People of color and women tend to be harmed by those technologies, not even because of intentional malice but just because of the reality of it. I give several examples in the book of how AI systems have been used by the LAPD to police Black and Brown communities and making predictions that they are gang communities. I also give examples of how AI systems are used in courtrooms and making decisions that Black and Brown people – especially Black people who have never committed a felony –  are more likely to commit future felonies… than White people who have committed felonies. So, African American people are getting harsher sentences.

If we don’t interrupt and transform the pattern of who builds, monetizes, owns, and drives the digital revolution, it is going to systematically harm vulnerable people and in that sense, become a huge human rights issue. However, technologies can also be used to support human rights [and] to bring people together and allow them to monitor corruption and abuses.

One example I mention in the book is WITNESS, an organization [co-founded] by Peter Gabriel. What WITNESS does is provide people with cameras [and equipment] so they can document human rights abuses so that they can submit that documentation and advance their own claims and causes. That is an excellent example of technology being used by the people to actually push their own agendas. 

Another technology that was used recently in the Ecuardorian and also the Brazilian Amazon by indigenous communities was a mapping tool that they were able to use how the oil and mining companies have threatened their land and their lives. They were able to use that tool to document these abuses and they won some court cases and millions of dollars in settlements as a result.

&: How do you reconcile the advancements of digital technology and the need for a more equitable digital landscape?

Srinivasan: Sure, these companies deserve to be very wealthy and make a lot of money off the amazing achievements and efficiencies. But should it come at the cost of creating and shaping these profound engines of economic, political, and global inequality?

The book is unique because I’m not only giving and describing examples that are economic, political, and cultural from across the world; describing how we got to this point, what we can do about it, and what the issues are. I also spoke to a lot of very well-known thinkers and leaders in to get their thoughts on where things are going.

There’s a brief interview with Sen.
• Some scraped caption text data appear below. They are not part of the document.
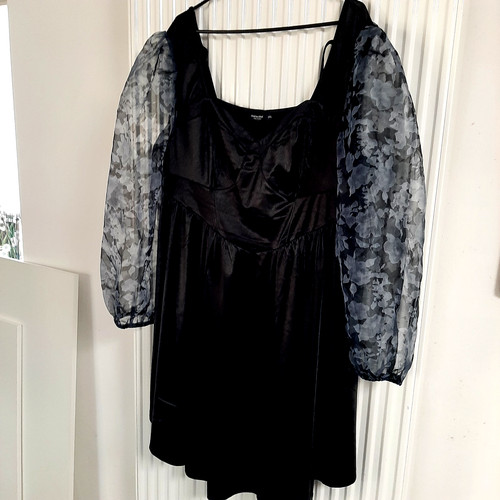 Schwarzes glanzkleid mit - schwarzes,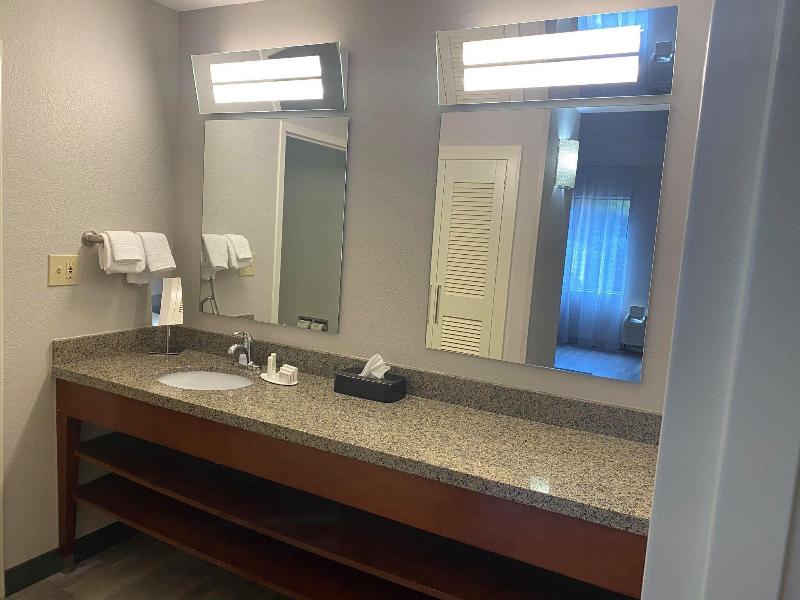 Courtyard by Marriott Newport News Yorktown - photo 85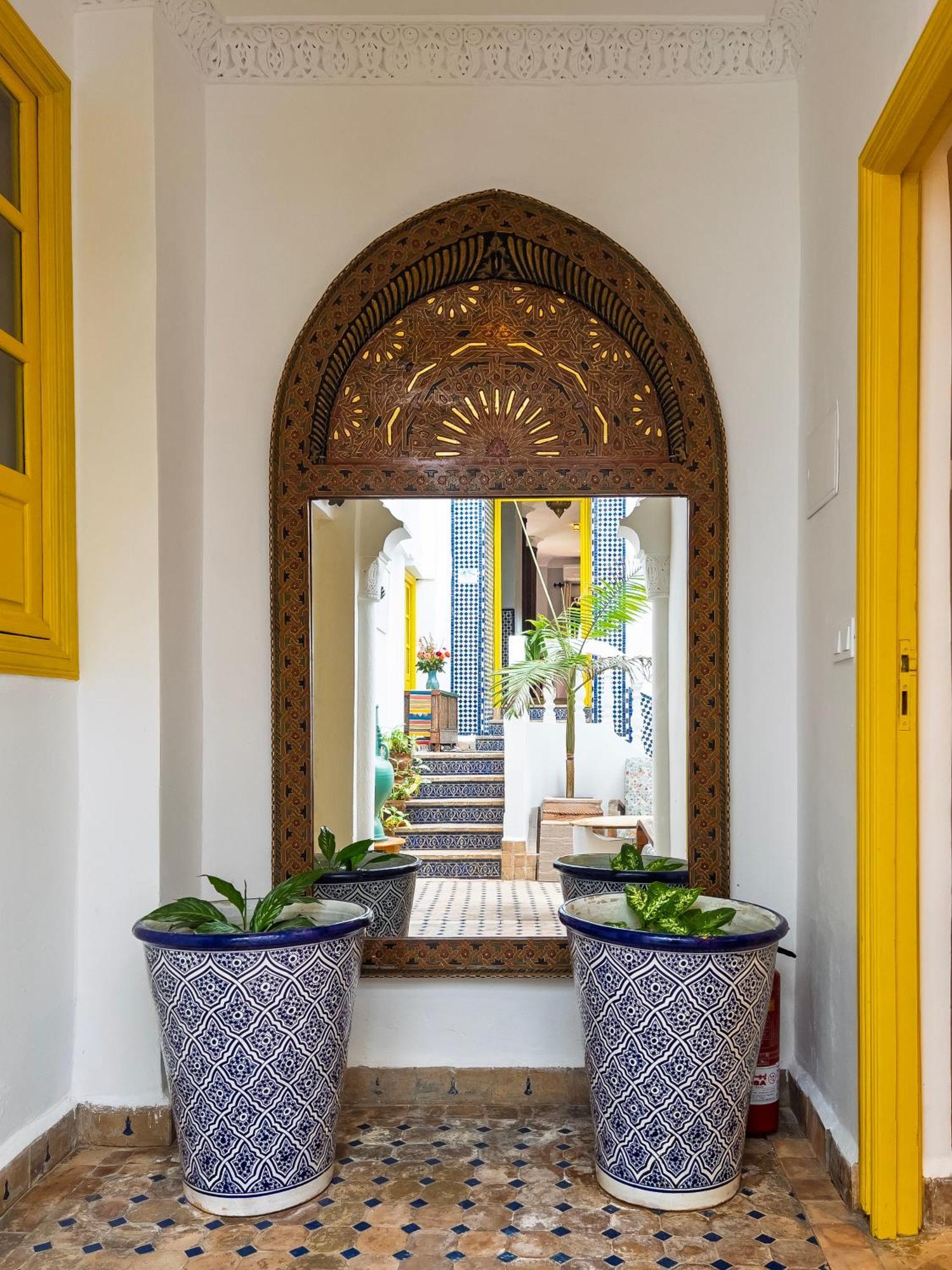 Riad Tanja By Chef Moha Tanger Exteriör bild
Elizabeth Warren, and a chapter in the book about the Bernie Sanders campaign of 2016 and how they were able to use the internet to bring working people together by just [donating] $24. Working and middle-class people became a political and  mobilizing force, through the use of the internet.

I also interviewed Noam Chomsky, a leading political philosopher and linguist, and David Axelrod, the guy behind the Obama campaign and a CNN analyst. I interviewed Eric Holder, the former attorney general, and congressmembers and people in the business world like the CEO of Reddit. 

I spoke to leaders in our country and across the world to get their thoughts on where they think technology is heading, because it’s not just about technology, it’s about how technology shapes our realities – maybe even how we might be [affected] psychologically because there is some evidence that technology, when used or designed in certain ways, can contribute to depression and ADHD. 

My point in the book is if we think “Beyond the Valley,” if we look at examples beyond the [Silicon] Valley, we can overcome this moment where we see the concentration of power around the internet on a global level where it’s just a few trillion-plus dollar companies dominating everything, determining and dictating our future, and in many ways, shaping our behavior and what we think, what we buy, how we vote – all of these issues are impacting us.

It’s all about the values that shape and impact technology’s destiny and moving past the black box that is dictated by private corporate power, and to work with technologies that are truly owned and created in the image of all of us in the 99 percent.